W środę (6 grudnia) magazyn "Time" ogłosił, że w 2017 roku tytuł człowieka roku przypadł nie jednej osobie, a grupie kobiet i mężczyzn, którzy przerwali milczenie i zapoczątkowali globalną dyskusję na temat molestowania seksualnego.
"Chodzi o zmianę społeczną następującą w najszybszym tempie od dekad. Zaczęła się ona od indywidualnych aktów odwagi ze strony setek kobiet, a czasami i mężczyzn, którzy zdecydowali się opowiedzieć swoje własne historie" - wyjaśniał w telewizji NBC redaktor naczelny "Time'a" Edward Felsenthal.
Okładka magazynu "Time":
Taylor Swift, która również znalazła się w gronie wyróżnionych, w wywiadzie udzielonym dla tygodnika odniosła się do sprawy procesu przeciwko DJ-owi i prezenterowi radiowemu, Davidowi Muellerowi. Gwiazda oskarżyła go o molestowanie seksualne. Sąd stanął po stronie wokalistki, a radiowcowi nakazał zapłacić Swift symbolicznego dolara.
Do zdarzenia doszło przed koncertem Taylor Swift w Denver, w czerwcu 2013 roku. Amerykanka relacjonowała potem, że 51-letni wówczas David Mueller, który pracował w radiu KYGO-FM w Denver w Kolorado, "podciągnął jej spódnicę i dotykał po tyłku".
Na łamach "Time'a" Swift po raz pierwszy opowiada o tym, jak sprawa przeciwko Muellerowi wpłynęła na jej życie i przywołuje wydarzenia z sali sądowej.
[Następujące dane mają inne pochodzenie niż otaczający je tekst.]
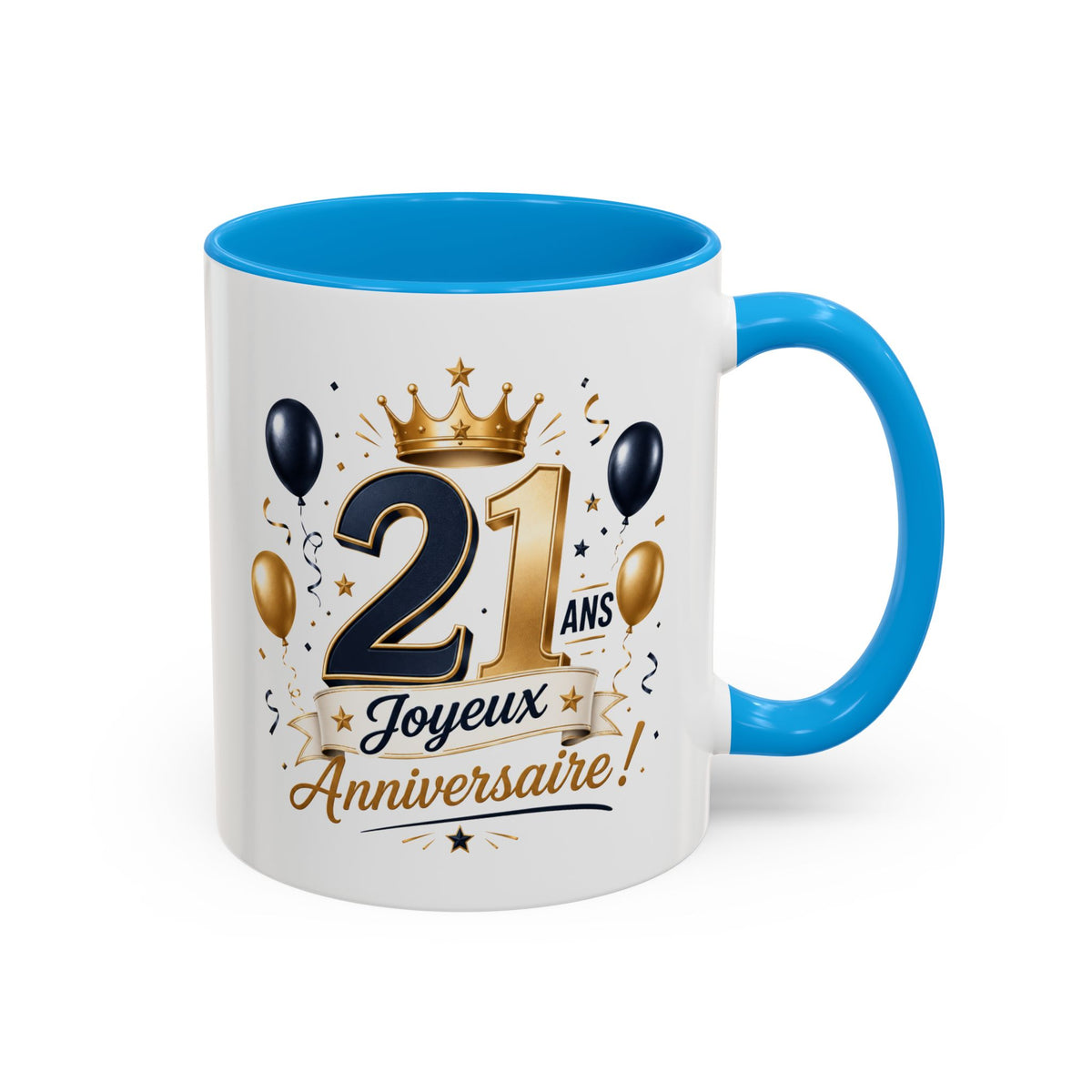 Mug Joyeux 21 Ans – Tasse Anniversaire 21 Ans – Cadeau Original pour Femme Homme – Idée Cadeau 21e Anniversaire Noir Bleu Rouge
Podczas procesu wokalistka została zapytana przez prawnika Muellera, czy ma poczucie winy za to, że ten stracił pracę.
"Nie zamierzam pozwolić ani tobie, ani twojemu klientowi, byście w jakikolwiek sposób sprawili, że poczuję, że to była moja wina. Oto jesteśmy, kilka lat później, i ja jestem obwiniana za nieszczęśliwe wydarzenia z jego życia, które są efektem jego decyzji - nie moich" - odpowiedziała stanowczo Taylor Swift.
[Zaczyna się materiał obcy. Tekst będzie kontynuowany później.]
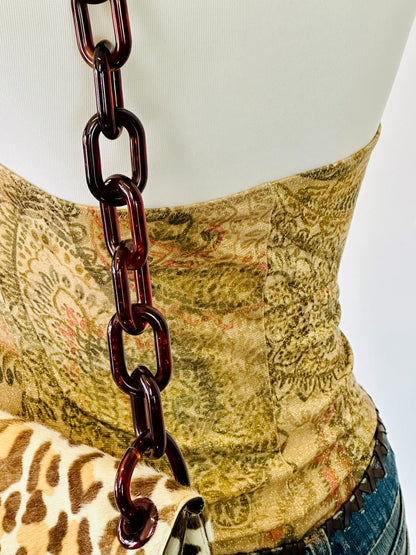 Top Halter Vintage con Stampa Paisley & Anello Gioiello – Anni 2000 Y2K Rodeo Style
W rozmowie z tygodnikiem "Time" Amerykanka mówiła o tym, co czuła, gdy musiała zeznawać oraz przyznała, że pobiła rekord w wypowiedzeniu słowa "tyłek" w sądzie w Kolorado.
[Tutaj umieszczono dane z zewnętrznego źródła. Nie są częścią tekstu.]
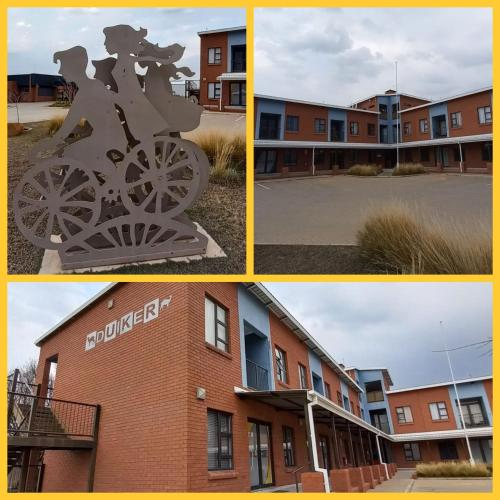 a group of four pictures of a building at Sonvanger Selfcatering in Orania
"Ten człowiek nie rozważał żadnych formalności, gdy mnie zaatakował, a jego adwokat nie oszczędził mojej mamy. Dlaczego więc powinnam być uprzejma?" - pytała retorycznie Swift.
Wokalistka zdradziła również, jakie były powody, dla których zdecydowała się przerwać milczenie. "Pomyślałam, że skoro był wystarczająco bezczelny, by napaść na mnie w tych ryzykownych okolicznościach, to wyobraź sobie, co może zrobić z bezbronną, młodą artystką, jeśli dostanie taką szansę" - tłumaczyła Swift.
Decyzja o przyznaniu tytułu człowieka roku grupie osób jest efektem wielu publicznych oskarżeń o molestowanie seksualne, wysuwanych wobec najbardziej prominentnych mężczyzn w polityce, mediach i świecie rozrywki. Pierwsze z nich dotyczyły znanego i wpływowego producenta filmowego Harveya Weinsteina, którego o nadużycia seksualne oskarżyło w sumie ponad 100 osób.
Uruchomiona przez to lawina wyznań innych molestowanych osób na całym świecie doprowadziła do licznych zwolnień i śledztw.